Local leaders and developers see the cultural and arts institutions in North Tryon as untapped opportunities for reinvigorating the 60-acre, 50-square-block region. That includes the library and the historical Carolina Theatre, which the Foundation for The Carolinas is working to restore with an Intercontinental Hotel above it.

“The space that we occupy is critically important,” Lee Keesler, the library’s CEO, said in prepared remarks Thursday. “The building we have, though much loved, is unsuited and outdated for today’s library users.”

Mecklenburg County has committed $65 million to the project. The remaining $70 million will be raised through the library foundation’s new campaign, called CommonSpark. Coinciding with the launch Thursday, the Knight Foundation, a nonprofit organization that aims to promote informed communities, announced a $10 million donation to the new library.

Renderings - Charlotte Mecklenburg Library New Main Nov2019_Page_5.jpg
An architectural rendering released Thursday shows the core of the new Charlotte Mecklenburg Library main branch in the North Tryon cooridor.
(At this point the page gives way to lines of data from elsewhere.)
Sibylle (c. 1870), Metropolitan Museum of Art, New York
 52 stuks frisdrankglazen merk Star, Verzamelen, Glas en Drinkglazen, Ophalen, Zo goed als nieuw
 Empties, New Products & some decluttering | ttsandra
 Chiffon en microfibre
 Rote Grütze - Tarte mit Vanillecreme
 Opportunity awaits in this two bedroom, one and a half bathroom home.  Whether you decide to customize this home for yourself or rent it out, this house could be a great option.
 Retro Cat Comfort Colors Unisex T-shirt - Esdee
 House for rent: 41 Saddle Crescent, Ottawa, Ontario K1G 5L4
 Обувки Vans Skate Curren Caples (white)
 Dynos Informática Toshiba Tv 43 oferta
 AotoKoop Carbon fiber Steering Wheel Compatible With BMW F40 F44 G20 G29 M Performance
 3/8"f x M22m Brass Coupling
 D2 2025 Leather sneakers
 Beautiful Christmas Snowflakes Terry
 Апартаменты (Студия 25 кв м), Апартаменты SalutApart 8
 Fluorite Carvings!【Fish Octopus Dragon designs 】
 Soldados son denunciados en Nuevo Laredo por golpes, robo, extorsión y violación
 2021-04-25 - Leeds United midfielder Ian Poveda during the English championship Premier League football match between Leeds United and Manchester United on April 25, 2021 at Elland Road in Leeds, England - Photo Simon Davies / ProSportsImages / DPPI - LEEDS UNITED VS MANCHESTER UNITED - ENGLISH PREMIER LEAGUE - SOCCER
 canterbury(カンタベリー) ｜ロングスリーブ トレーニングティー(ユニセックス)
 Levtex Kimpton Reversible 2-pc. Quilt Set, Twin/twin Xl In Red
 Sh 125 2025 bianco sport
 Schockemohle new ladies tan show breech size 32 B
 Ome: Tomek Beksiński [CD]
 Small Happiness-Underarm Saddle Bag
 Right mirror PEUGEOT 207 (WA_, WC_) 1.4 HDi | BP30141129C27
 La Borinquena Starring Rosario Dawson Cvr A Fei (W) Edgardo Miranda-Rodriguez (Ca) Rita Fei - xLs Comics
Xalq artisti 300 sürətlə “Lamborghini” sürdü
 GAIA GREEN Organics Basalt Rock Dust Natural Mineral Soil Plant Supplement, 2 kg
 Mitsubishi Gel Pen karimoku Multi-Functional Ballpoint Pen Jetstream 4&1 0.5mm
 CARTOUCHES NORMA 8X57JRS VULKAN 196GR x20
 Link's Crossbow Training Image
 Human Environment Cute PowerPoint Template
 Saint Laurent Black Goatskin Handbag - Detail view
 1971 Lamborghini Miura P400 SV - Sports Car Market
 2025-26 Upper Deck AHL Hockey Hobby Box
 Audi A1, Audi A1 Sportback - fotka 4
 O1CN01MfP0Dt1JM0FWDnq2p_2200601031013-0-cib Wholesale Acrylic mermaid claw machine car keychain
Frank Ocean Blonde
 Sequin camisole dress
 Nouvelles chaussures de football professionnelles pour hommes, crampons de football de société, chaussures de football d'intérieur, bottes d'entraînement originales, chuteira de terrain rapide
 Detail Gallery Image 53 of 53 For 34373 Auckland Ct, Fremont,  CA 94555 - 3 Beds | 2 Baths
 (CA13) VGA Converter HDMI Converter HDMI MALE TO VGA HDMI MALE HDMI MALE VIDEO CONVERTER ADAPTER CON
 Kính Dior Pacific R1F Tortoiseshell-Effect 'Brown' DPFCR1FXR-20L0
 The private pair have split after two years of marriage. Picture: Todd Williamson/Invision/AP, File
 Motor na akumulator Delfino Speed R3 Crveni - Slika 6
Snohetta

Details of library design

A massive curved facade made of glass and ceramic — an homage to the material’s history in North Carolina — appears to embrace North Tryon Street on one of the library’s three entrances, creating a dynamic interplay between the building itself and the surrounding area, Anderson said.

“The library will be unique, but we want it to be of this place,” he said.

A pedestrian plaza morphs into an terraced sidewalk, leading to a “library of the future” that thematically changes from floor to floor, Anderson said.

The initial levels, he said, evoke a sense of openness and excitement. The first level, for example, has a cafe and immersive theater area, followed by a digital visualization lab and recording studios, among other technology, on the second floor.

As visitors meander through the upper levels, they’ll encounter more traditional, yet flexible spaces, including the library’s collections interspersed with seating, a writer’s studio and reading rooms that overlook the corner of Sixth and Tryon streets. The 2,500-square-foot grand terrace on the fifth floor can be used for various events and programming, in addition to event spaces and open areas strewn throughout the building.

Keesler said that the current main branch, which was last renovated and expanded in 1988, will likely be demolished in early 2021. The new building, he said, is expected to open by late 2024.

“We had the opportunity to be a gateway, as well as a catalyst for North Tryon,” Keesler said. “Our aspiration is very ambitious: We’re trying to create something that the entire community will be proud of.”